▸ **Work instruction**
Restate all entries word for word, minus pictures.

▸ **Data supplied**

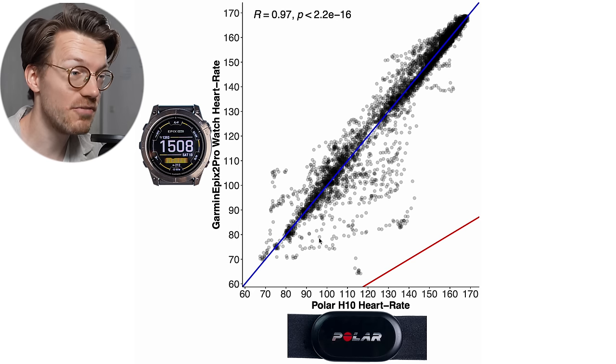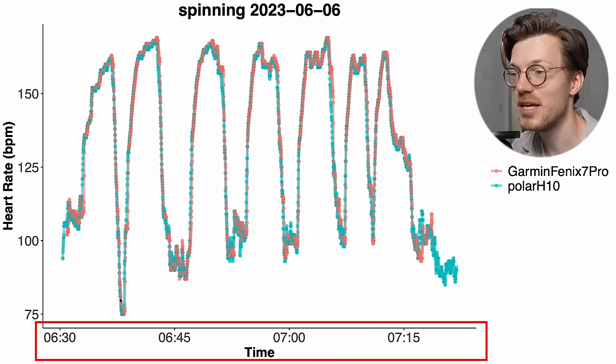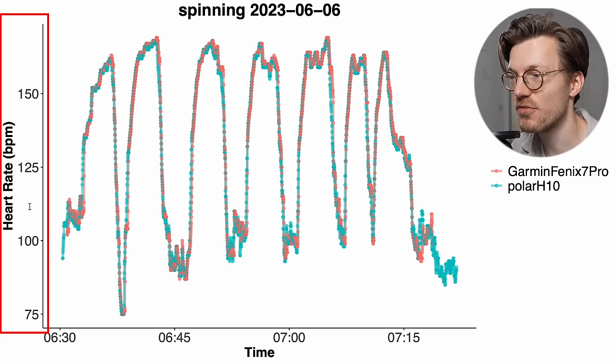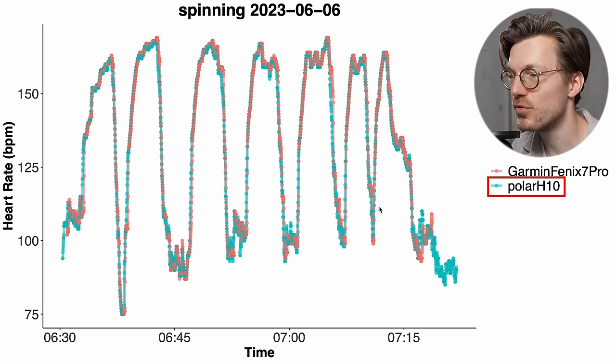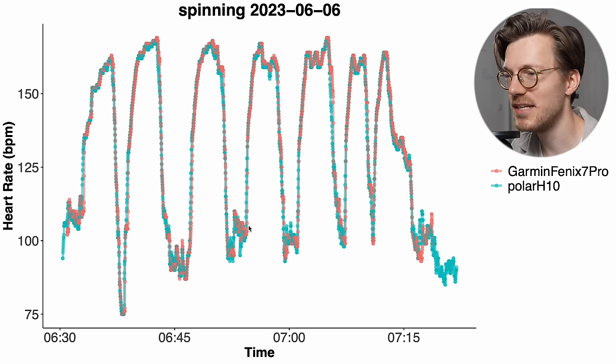We need to look at the individual training sessions to make sure there are no weird artifacts. Here we have the first example interval spinning session and we see a really good agreement between the Fenix 7 Pro and the ECG chest strap. In blue-green is my heart rate according to the Polar H10, and in red is my heart rate according to the Fenix 7 Pro. The lines basically overlap perfectly for this session.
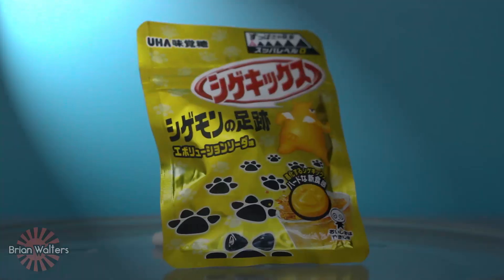Alright, so today I have a very famous Japanese sour gummy. It's called Shigekix, and this is Evolution Soda-ji — Evolution Soda flavor. What is Evolution Soda? I have no idea. So this is a really famous sour gummy candy. Out of 5 levels, it's a level 0 for some reason. I have no idea if Evolution Soda is not sour at all. But let's find out what this is all about.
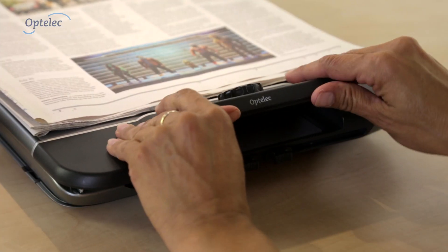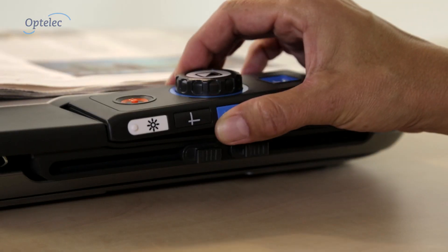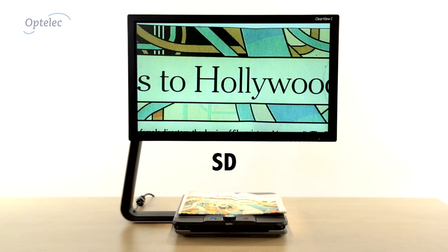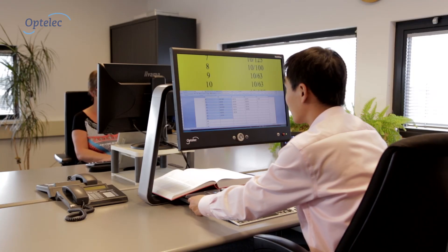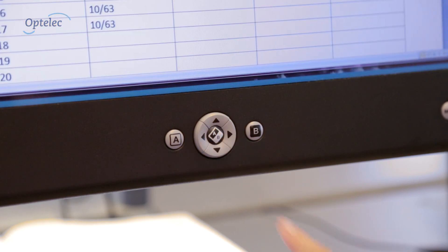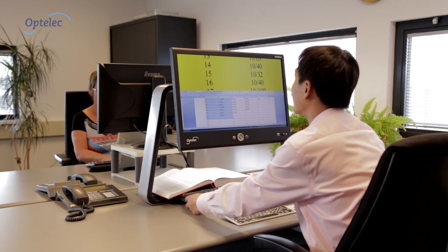The product's customizable setup enables you to choose the model that suits your needs. Choose a larger screen to see more or a high-definition camera for lower magnification and sharper vivid image. And when you are at work you can display the Clearview C image and the computer image on one monitor with the optional TwinView monitor.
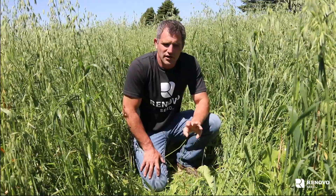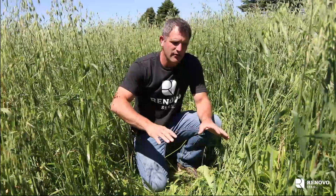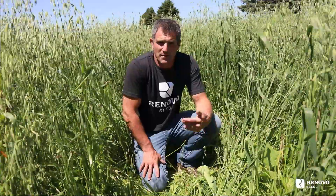Those three, along with Italian ryegrass, will continue to come back. So the cows will come through here, they're going to munch off the oats, we'll let that paddock rest. That next flush is going to be a lot of that ryegrass and the brassicas — they'll come hit it again. In a typical year, we can get three to four grazings as long as we're managing it correctly.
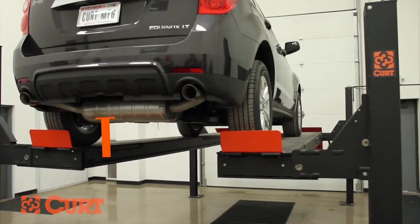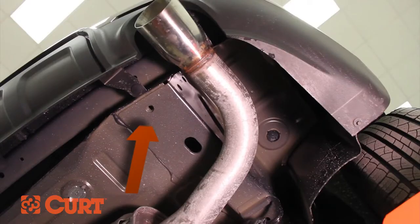Check to see if your vehicle is equipped with M12 weld nuts in the bottom center of your bumper beam. In this case, they are missing. Some vehicles are equipped with a tie-down bracket located here. Remove if present.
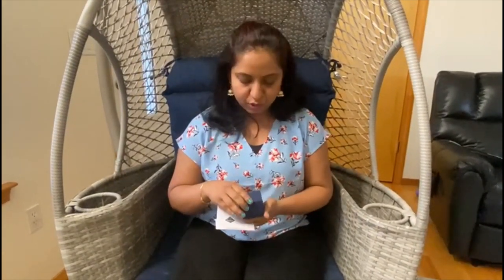Subscribe to my channel. I'm going to show you the Sam's Club jewelry. If you like, subscribe to my channel. This is what I'll show you — the latest Sam's Club jewelry.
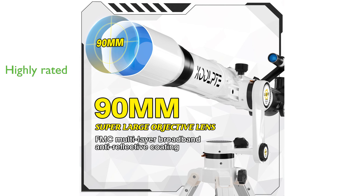Manufactured by Koolpte, the telescope has received an impressive review score of 4.7 out of 5, with 908 reviews, reflecting its high customer satisfaction.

▸ **Solved exercise**
We need to look at the individual training sessions to make sure there are no weird artifacts. Here we have the first example interval spinning session and we see a really good agreement between the Fenix 7 Pro and the ECG chest strap. In blue-green is my heart rate according to the Polar H10, and in red is my heart rate according to the Fenix 7 Pro. The lines basically overlap perfectly for this session.
Alright, so today I have a very famous Japanese sour gummy. It's called Shigekix, and this is Evolution Soda-ji — Evolution Soda flavor. What is Evolution Soda? I have no idea. So this is a really famous sour gummy candy. Out of 5 levels, it's a level 0 for some reason. I have no idea if Evolution Soda is not sour at all. But let's find out what this is all about.
The product's customizable setup enables you to choose the model that suits your needs. Choose a larger screen to see more or a high-definition camera for lower magnification and sharper vivid image. And when you are at work you can display the Clearview C image and the computer image on one monitor with the optional TwinView monitor.
Those three, along with Italian ryegrass, will continue to come back. So the cows will come through here, they're going to munch off the oats, we'll let that paddock rest. That next flush is going to be a lot of that ryegrass and the brassicas — they'll come hit it again. In a typical year, we can get three to four grazings as long as we're managing it correctly.
Check to see if your vehicle is equipped with M12 weld nuts in the bottom center of your bumper beam. In this case, they are missing. Some vehicles are equipped with a tie-down bracket located here. Remove if present.
Subscribe to my channel. I'm going to show you the Sam's Club jewelry. If you like, subscribe to my channel. This is what I'll show you — the latest Sam's Club jewelry.
Manufactured by Koolpte, the telescope has received an impressive review score of 4.7 out of 5, with 908 reviews, reflecting its high customer satisfaction.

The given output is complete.